JSF.USE.STATIC.NON_LOCAL

Assuming that non-local static objects, in separate translation units, are initialized in a special order shall not be done.

Rationale

Order dependencies lead to hard to find bugs.

Vulnerability and risk

The order of initialization for non-local static objects may present problems. For example, a non-local static object may not be used in a constructor if that object will not be initialized before the constructor runs. At present, the order of initialization for non-local static objects, which are defined in different compilation units, is not defined. This can lead to errors that are difficult to locate.

Mitigation and prevention

The problem may be resolved by moving each non-local static object to its own function where it becomes a local static object. If the function returns a reference to the local static object it contains, then clients may access the object via the function without any of the initialization order problems. Note that the function can be inlined to eliminate the function call overhead. Alternately, one might consider allocating objects in a memory pool or on a stack at startup.

Example 1

Copy
  // file 1
  static int32 x = 5;
  // file 2
  static int32 y = x + 1; // Bad assumption. The compiler might not have initialized
                          // static variable x.
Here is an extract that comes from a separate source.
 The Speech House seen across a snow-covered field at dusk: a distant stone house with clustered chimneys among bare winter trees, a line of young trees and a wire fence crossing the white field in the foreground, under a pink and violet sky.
The solution is to substitute static local objects for static non-local objects since the creation time is precisely defined for static local objects: the first time through the enclosing function.

Example 2

Copy
  inline Resource& the_resource()
  {
      static Resource r;
      return r;
  }

Now clients may at any time reference the Resource object, r, as the_resource() without consideration for the order of initialization among r and any other similarly defined local static objects.